IEC 62061 applies functional safety to the safety-related control systems of machinery, providing a route for machine builders to specify and realize electrical, electronic, and programmable safety functions in compliance with machinery safety regulations. It retains the safety integrity level as its measure of integrity and derives its methods from IEC 61508, while focusing on the demand modes and architectures typical of industrial machines, where safety functions often operate frequently to keep machinery within safe limits.
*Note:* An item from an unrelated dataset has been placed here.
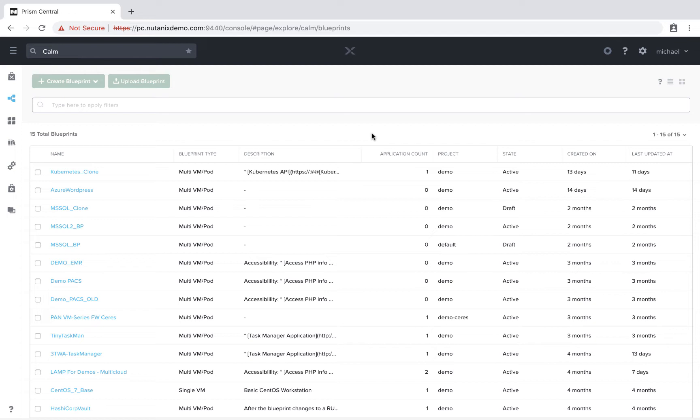With the Calm 2.7 release, we added the ability to select any public cloud provider within a single VM blueprint. If you're not familiar with single VM blueprints, they're a great way to easily provide infrastructure as a service for your end users.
In the machinery sector IEC 62061 coexists with ISO 13849-1, which addresses the same problem through the related concept of the performance level, graded from PL a to PL e. The two scales are intentionally aligned, so that PL e corresponds to SIL 3, PL d to SIL 2, and PL c to SIL 1; machinery safety functions are therefore typically claimed only up to SIL 3 rather than the full SIL 4 of the parent standard. The two standards offer complementary paths to the same goal of safe machine control, and machine builders select the one better suited to the complexity and technology of their safety functions. ISO 13849-1 applies regardless of the control technology, covering electrical, hydraulic, pneumatic, and mechanical elements, whereas IEC 62061 is specific to electrical, electronic, and programmable systems and addresses software techniques that the technology-neutral standard does not. Both descend from the same functional-safety principles and require hazard analysis, integrity targets matched to risk, and verification that the realized control system meets those targets.

Other Sector Adaptations

Many other industries maintain their own derivatives. The process industries apply IEC 61511, which interprets IEC 61508 for safety instrumented systems in chemical plants, refineries, and similar facilities; it retains the safety integrity level and, in practice, expects safety instrumented functions above SIL 3 to be avoided by reducing the underlying risk rather than relying on an ever more reliable instrumented layer. Railways follow the CENELEC standards EN 50126, EN 50128, and EN 50129 for the safety of signaling and control systems, while nuclear, medical, and aviation domains each have functional-safety requirements suited to their consequences and regulatory regimes. Despite differing terminology, these standards share the common DNA of IEC 61508: integrity levels matched to risk, a disciplined lifecycle, and the joint control of random and systematic failures.